The challenges of attracting cybersecurity talent and how to address them

The cybersecurity industry is at an interesting inflection point. We are now approaching three years of remote and hybrid work, and individuals and organizations alike have had to adjust and improve their security infrastructures. And this push for more security will only amplify in 2023 in new and unique ways.

Despite the growing need for cybersecurity advances, there’s still a global shortage of 3.4 million workers in the field. With 64% of companies worldwide having experienced at least one form of cyber attack, the threat landscape is constantly expanding, and those working to combat these threats have never been more important. Our cybersecurity workers are our generation’s unsung heroes that deserve more recognition — and to get ahead of threats in 2023, we need more of them.

Provide real, hands-on training

Unfortunately, we’re starting to accept the cybersecurity talent gap as an ongoing challenge, and this will continue as we struggle to encourage younger generations to take on a cyber-related profession. Cybersecurity education is pivotal, and while we are seeing more universities develop cyber courses, it still remains very small in comparison to the critical challenges organizations face daily.

For this new generation to be successful, universities must expand cyber education and provide real hands-on cyber training, not just theoretical training.

Of course, companies must also take such education into their own hands. In 2023, we must train all employees on how to prevent and minimize cyber risks, as that is truly the best way to combat our expanding threat landscape. Every person in an organization plays a role, even if it’s just increasing awareness around phishing emails or avoiding insecure links.

Emphasize cybersecurity work as diverse, exciting

To also minimize cyber employee churn, both organizations and universities must emphasize the uniqueness, impact and benefits of working within the industry. For example, day-to-day cybersecurity tasks are diverse, allowing many different types of people to enjoy this work.

The tasks are also everything but repetitive, and employees should never feel bored. The cybersecurity role is changing all of the time due to the constant creativity and growing sophistication of attackers, and that’s an intriguing factor when on the job hunt.

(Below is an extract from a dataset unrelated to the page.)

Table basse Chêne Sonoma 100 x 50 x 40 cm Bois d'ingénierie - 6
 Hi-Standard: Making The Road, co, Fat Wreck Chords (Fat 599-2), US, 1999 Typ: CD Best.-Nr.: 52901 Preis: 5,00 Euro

Promoting such desirable job qualities will be crucial as the industry looks to effectively expand its own workforce to protect against threats.

Even more importantly, organizations must better support their cyber teams. Having the right motivated team in place helps employees feel reassured, empowered and excited about their careers. As companies and leaders, we have a responsibility to create safe environments for our people and make this known to anyone interested in the field.

Appeal to a variety of individuals

Creating a safe work environment promotes more open conversations during times of burnout and empowers better teamwork. In fact, one of the most important KPIs to look for within employee engagement surveys is whether employees feel comfortable talking to leadership: It’s the best way to avoid burnout and ensure that employees are enjoying their jobs as this widening talent gap continues.

Whether someone is organized, creative or analytical, the cyber industry can appeal to a variety of individuals. It is an important job to protect and react to ever-changing cybersecurity issues every day, and this truth must be stressed throughout collegiate years and beyond.

Strategically attracting new cyber talent and ensuring that cyber teams are fulfilled in the workplace will help close the cybersecurity talent gap and ideally push threat actors to the wayside.

Caroline Vignollet is OneSpan’s SVP of R&D.